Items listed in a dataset
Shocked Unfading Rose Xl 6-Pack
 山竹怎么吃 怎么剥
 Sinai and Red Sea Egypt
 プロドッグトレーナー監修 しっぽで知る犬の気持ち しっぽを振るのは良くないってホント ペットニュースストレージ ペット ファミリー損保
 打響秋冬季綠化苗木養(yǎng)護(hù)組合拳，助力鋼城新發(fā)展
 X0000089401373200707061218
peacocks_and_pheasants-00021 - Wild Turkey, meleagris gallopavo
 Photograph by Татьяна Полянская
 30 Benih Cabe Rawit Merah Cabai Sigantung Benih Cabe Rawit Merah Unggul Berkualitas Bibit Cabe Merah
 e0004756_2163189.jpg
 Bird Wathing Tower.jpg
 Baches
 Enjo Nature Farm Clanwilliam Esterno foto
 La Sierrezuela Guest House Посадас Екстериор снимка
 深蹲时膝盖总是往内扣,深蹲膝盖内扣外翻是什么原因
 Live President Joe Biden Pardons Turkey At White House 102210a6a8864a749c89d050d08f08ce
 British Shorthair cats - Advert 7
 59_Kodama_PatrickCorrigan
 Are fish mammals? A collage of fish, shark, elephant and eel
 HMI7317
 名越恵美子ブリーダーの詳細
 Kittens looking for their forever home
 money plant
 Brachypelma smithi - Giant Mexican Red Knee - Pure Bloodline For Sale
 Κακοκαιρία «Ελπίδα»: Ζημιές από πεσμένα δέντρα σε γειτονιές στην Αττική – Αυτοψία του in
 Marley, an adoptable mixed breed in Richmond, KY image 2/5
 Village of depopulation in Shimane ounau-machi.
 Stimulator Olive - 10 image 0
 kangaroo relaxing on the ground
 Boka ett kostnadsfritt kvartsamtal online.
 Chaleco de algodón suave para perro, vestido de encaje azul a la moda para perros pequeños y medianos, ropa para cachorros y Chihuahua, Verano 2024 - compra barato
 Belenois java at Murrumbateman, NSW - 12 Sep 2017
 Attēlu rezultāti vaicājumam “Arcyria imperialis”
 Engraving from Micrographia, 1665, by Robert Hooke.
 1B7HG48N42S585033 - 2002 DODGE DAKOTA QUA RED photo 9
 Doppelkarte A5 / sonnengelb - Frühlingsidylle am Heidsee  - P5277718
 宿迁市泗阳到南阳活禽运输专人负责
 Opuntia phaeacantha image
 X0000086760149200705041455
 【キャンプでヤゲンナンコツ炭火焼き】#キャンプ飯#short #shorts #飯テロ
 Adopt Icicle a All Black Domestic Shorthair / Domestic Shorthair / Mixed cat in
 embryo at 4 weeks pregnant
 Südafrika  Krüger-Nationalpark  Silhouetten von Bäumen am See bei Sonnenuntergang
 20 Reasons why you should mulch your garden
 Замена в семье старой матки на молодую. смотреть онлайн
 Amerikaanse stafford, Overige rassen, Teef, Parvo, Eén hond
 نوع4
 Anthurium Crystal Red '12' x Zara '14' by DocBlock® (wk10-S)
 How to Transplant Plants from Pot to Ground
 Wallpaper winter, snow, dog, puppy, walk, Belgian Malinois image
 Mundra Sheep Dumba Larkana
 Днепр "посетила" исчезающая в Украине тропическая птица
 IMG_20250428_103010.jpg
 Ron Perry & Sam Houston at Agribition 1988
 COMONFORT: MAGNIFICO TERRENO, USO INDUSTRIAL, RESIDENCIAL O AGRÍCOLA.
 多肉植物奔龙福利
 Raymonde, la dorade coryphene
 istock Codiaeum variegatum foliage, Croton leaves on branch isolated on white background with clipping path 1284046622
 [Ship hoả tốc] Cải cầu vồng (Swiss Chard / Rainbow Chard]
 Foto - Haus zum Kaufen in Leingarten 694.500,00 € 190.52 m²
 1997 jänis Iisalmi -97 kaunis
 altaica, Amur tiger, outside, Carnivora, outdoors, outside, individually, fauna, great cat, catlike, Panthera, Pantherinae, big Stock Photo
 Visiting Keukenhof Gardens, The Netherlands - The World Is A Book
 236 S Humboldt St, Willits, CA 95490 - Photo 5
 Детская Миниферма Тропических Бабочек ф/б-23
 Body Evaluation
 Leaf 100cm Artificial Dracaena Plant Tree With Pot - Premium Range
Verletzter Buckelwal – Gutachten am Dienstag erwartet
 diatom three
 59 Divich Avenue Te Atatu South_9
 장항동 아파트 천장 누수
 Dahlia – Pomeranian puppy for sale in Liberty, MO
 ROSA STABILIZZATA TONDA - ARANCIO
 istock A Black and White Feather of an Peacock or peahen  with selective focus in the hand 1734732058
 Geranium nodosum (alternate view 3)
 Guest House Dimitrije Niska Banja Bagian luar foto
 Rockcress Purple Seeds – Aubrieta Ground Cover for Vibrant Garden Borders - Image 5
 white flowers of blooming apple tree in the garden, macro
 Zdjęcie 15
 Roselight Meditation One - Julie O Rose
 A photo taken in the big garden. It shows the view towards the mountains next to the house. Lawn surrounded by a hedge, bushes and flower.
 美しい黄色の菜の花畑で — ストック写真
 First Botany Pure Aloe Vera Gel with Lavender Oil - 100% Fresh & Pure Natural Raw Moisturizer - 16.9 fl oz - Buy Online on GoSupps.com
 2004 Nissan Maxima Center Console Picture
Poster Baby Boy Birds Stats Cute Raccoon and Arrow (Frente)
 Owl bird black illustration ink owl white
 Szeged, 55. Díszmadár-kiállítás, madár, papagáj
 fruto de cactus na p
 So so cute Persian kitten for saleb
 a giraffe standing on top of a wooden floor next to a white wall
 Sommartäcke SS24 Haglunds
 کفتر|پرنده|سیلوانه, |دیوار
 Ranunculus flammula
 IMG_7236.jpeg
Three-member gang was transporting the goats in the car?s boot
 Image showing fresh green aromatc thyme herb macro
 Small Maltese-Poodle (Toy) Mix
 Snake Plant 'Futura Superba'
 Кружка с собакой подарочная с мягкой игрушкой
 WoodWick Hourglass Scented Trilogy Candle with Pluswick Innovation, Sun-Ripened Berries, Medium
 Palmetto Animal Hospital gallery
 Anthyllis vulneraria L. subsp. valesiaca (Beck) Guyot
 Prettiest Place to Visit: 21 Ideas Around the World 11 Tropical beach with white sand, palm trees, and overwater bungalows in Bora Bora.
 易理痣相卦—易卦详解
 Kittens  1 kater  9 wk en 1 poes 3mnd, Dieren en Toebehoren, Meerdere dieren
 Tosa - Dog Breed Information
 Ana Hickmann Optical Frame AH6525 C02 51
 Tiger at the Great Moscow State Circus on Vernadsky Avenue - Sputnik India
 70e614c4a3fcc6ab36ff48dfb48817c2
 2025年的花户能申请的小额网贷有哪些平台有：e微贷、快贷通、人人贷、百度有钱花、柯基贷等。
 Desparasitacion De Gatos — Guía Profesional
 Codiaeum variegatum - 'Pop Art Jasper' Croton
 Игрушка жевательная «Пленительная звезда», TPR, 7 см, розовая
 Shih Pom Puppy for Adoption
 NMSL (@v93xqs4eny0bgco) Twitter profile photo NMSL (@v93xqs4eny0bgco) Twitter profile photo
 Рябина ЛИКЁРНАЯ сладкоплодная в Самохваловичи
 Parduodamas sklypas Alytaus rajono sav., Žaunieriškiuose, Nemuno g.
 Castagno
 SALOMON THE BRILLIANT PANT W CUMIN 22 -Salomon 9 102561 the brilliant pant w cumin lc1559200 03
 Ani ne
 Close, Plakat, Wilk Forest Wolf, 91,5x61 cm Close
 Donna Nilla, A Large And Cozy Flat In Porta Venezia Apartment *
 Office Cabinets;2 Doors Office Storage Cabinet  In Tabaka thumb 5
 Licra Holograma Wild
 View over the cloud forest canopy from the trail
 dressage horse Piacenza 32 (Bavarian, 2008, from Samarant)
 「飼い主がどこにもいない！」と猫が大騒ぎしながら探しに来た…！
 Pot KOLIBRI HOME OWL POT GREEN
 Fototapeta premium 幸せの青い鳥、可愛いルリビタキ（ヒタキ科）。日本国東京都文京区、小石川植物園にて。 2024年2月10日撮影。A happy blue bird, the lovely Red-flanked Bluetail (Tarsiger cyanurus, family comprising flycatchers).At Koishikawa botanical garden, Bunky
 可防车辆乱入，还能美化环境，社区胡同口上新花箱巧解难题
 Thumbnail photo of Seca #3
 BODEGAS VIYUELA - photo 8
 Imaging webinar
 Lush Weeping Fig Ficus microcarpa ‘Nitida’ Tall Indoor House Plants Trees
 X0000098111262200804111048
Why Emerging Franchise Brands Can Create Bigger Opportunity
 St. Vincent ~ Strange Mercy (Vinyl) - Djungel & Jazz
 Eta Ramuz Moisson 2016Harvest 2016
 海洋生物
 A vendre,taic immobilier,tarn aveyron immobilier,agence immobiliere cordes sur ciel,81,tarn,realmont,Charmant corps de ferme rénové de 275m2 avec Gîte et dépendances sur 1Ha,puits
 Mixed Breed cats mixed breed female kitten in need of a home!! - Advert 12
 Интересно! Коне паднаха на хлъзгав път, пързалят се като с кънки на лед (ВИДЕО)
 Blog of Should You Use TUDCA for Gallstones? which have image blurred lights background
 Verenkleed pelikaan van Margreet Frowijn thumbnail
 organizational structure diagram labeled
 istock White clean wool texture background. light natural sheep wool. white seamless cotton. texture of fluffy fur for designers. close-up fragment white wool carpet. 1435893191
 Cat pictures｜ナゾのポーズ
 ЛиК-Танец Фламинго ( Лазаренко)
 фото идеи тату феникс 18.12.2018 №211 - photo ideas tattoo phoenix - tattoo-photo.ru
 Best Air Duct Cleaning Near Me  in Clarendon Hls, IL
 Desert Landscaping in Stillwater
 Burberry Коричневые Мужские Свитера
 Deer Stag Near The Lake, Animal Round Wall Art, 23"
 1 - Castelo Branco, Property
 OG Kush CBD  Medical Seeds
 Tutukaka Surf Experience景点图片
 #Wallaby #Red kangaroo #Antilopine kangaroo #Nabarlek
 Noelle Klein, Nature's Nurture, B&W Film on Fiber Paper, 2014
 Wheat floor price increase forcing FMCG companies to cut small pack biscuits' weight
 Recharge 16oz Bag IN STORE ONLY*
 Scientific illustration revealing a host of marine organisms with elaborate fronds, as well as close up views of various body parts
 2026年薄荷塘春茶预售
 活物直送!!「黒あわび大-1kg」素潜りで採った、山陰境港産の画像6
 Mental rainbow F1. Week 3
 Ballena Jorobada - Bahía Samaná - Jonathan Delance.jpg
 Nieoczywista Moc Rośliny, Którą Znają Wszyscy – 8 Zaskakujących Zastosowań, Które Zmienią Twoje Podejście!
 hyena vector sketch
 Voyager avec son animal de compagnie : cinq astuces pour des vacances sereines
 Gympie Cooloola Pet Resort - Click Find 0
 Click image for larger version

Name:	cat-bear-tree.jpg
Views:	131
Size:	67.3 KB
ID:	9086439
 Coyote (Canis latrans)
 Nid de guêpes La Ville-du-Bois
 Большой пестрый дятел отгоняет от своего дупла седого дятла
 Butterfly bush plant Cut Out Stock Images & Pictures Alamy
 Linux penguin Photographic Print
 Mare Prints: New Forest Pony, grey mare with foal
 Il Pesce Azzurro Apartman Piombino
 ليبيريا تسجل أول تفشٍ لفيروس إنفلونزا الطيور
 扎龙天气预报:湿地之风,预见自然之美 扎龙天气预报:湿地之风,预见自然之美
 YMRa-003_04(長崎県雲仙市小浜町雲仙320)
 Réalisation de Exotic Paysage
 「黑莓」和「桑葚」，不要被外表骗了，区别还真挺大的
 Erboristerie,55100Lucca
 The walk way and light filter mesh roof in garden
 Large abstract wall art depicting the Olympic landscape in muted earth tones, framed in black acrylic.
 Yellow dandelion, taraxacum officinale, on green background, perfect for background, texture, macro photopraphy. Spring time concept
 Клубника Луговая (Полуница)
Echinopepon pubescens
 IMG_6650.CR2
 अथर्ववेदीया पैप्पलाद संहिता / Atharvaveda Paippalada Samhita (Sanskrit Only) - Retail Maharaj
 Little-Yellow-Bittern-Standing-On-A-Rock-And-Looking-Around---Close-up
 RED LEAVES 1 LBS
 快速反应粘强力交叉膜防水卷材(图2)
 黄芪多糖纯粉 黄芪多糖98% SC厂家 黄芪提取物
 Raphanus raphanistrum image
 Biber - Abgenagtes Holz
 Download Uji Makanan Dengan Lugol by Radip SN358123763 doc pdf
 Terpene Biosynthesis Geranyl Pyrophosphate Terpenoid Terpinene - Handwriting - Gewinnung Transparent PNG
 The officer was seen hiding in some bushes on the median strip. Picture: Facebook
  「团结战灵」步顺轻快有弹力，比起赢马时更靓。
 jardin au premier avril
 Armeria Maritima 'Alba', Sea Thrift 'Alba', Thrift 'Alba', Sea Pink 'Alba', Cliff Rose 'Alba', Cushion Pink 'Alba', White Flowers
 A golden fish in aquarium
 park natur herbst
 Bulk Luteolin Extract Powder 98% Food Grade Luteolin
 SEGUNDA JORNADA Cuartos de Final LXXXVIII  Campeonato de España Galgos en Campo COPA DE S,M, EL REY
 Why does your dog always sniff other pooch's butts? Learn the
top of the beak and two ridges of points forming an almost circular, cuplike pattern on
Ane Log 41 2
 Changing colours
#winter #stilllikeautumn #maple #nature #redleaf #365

◆ **ASSIGNMENT**
The answer is the lines above between the line holding "Wheat floor price" and the line holding "Ballena Jorobada - Bahía", inclusive, each written out exactly, and no others.

◆ **SOLUTION TO THE PROBLEM**
 Wheat floor price increase forcing FMCG companies to cut small pack biscuits' weight
 Recharge 16oz Bag IN STORE ONLY*
 Scientific illustration revealing a host of marine organisms with elaborate fronds, as well as close up views of various body parts
 2026年薄荷塘春茶预售
 活物直送!!「黒あわび大-1kg」素潜りで採った、山陰境港産の画像6
 Mental rainbow F1. Week 3
 Ballena Jorobada - Bahía Samaná - Jonathan Delance.jpg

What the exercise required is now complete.